Vouloir ce qu’il y a de mieux pour son bébé amène souvent beaucoup de questions. La question de la fabrication des couches occupe de nombreuses discussions entre parents. Des échanges dont on sort souvent avec plus de questions que de réponses. Très vite, des articles aussi angoissants qu’imprécis inondent la toile. Et depuis, les couches jetables font l’objet des pires fantasmes. Sur le web, on peine ainsi à dégoter des réponses éclairantes entre les posts de parents affolés, les points de vue polémiques publiés pour buzzer, les raisonnements scientifiques incompréhensibles et les élucubrations fantaisistes les plus insolites.

Cet article a pour ambition de contribuer à nourrir votre réflexion et à l’enrichir d’un nouvel éclairage. À chacun ensuite d’apprécier en son âme et conscience la conduite qu’il doit tenir.

La Sécurité des Couches Pampers : Une Priorité

Tous les produits Pampers sont sûrs. Les couches, couches-culottes et lingettes sont fabriquées avec des ingrédients connus, sélectionnés avec soin et utilisés en toute confiance au quotidien par de nombreuses marques et des millions de bébés. Toutes les couches sont testées dermatologiquement et sont certifiées OEKO-TEX STANDARD 100. L’absence de plus de 1 000 substances nocives est contrôlée, et les dermatologues de la Skin Health Alliance approuvent les produits comme étant sans danger pour la peau des bébés. Chaque couche passe par des milliers de contrôles qualité quotidiens et suit un processus de sécurité strict en quatre étapes qui recouvre la sélection de matériaux sûrs, des tests indépendants et un suivi en temps réel sur les lignes de production. Cela signifie que chaque couche Pampers est conçue non seulement pour prévenir les fuites, mais aussi pour protéger la peau délicate de votre bébé.

Composition et Fabrication : Transparence et Contrôle

Les matériaux utilisés pour la fabrication des couches sont soit d’origine naturelle, soit d’origine synthétique. Cependant, la composition exacte des couches est parfois floue : il n’existe pas d’obligation pour le fabricant de la mentionner sur l’emballage. Toutefois, de plus en plus de fabricants jouent la transparence afin de respecter leur engagement de mieux informer les consommateurs, pris en février 2019 suite à la publication du rapport de l’Anses. Les produits d’origine naturelle proviennent de la cellulose du bois mais subissent un traitement chimique de blanchiment, notamment au chlore, ce qui explique la présence de résidus chlorés dans les couches (dioxines par exemple).

Pampers prend la parole pour éclaircir certains points :

Lire aussi: Choisir les meilleures couches de piscine pour bébés

  • Besoins des parents : La marque échange avec les parents sur leurs besoins dans le cadre d’études consommateurs.
  • Modélisations : Des modélisations sont réalisées pour étudier tous les scénarios possibles.
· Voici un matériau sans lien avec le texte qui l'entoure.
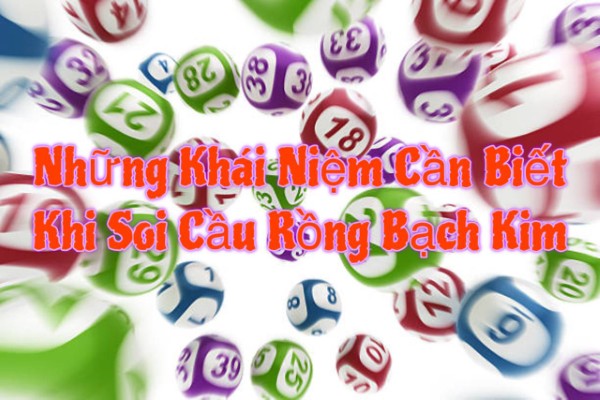 Những Khái Niệm Cần Biết Khi Soi Cầu Rồng Bạch Kim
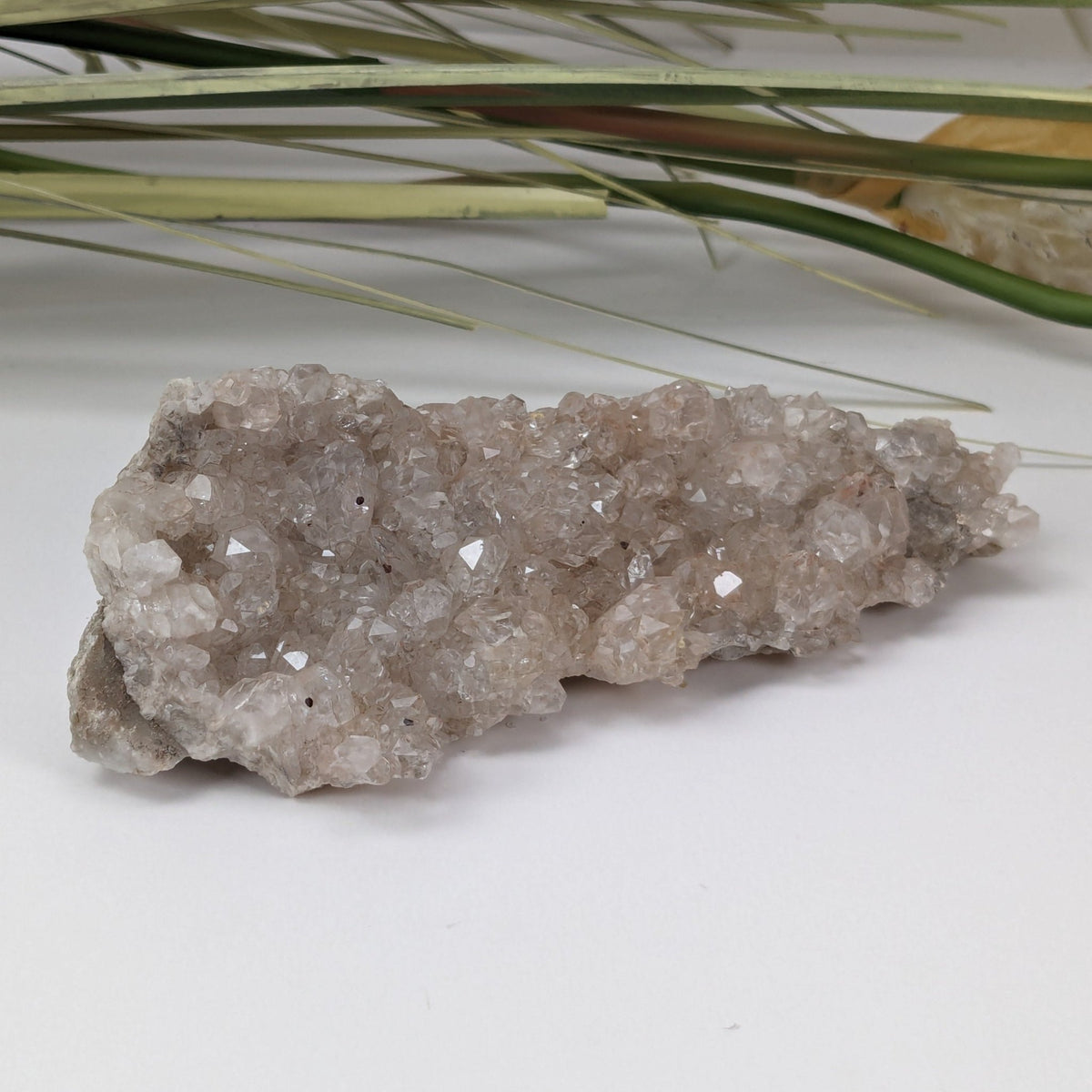  Natural Quartz Crystal | 129.4 Grams | Miners Bay, Ontario Canada 2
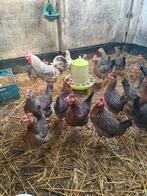 Broedeieren van cream legbar, Dieren en Toebehoren, Pluimvee, Geslacht onbekend, Kip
Des modélisations sont par exemple entreprises pour prédire la réaction de la peau à l’humidité en fonction de sa nature et du stade de développement de l’enfant.
  • Tests de sécurité : En parallèle, la marque teste et évalue la sécurité de chacun des composants de la couche.
  • Couche prototype : Une couche prototype est mise au point et un premier lot est testé par 100 bébés, ce qui permet de réaliser des tests de performance et d’innocuité en laboratoire.
  • Tests en conditions réelles : Une fois que les couches ont passé avec succès ces différents contrôles, elles sont données à des parents pour des tests en conditions réelles d’utilisation, forcément différentes de celles rencontrées en laboratoire. Si les parents ne valident pas la couche, tout le cycle recommence.

Substances Potentiellement Toxiques : Qu'en Est-Il ?

En 2017, le magazine 60 Millions de consommateurs a dénoncé la présence de substances chimiques telles que pesticides, dioxines, furanes et composés organiques volatils dans les couches jetables pour bébés. À la même époque, l’Agence nationale de sécurité sanitaire (Anses) a lancé une expertise concernant la sécurité des couches jetables et les risques liés au contact de ces produits avec la peau et les muqueuses des bébés. Les contaminants détectés dans les couches sont en effet soit des cancérigènes, soit des perturbateurs endocriniens ou encore des composés irritants. Les fabricants sont alors sommés d’améliorer la sécurité sanitaire de leurs couches jetables pour bébés.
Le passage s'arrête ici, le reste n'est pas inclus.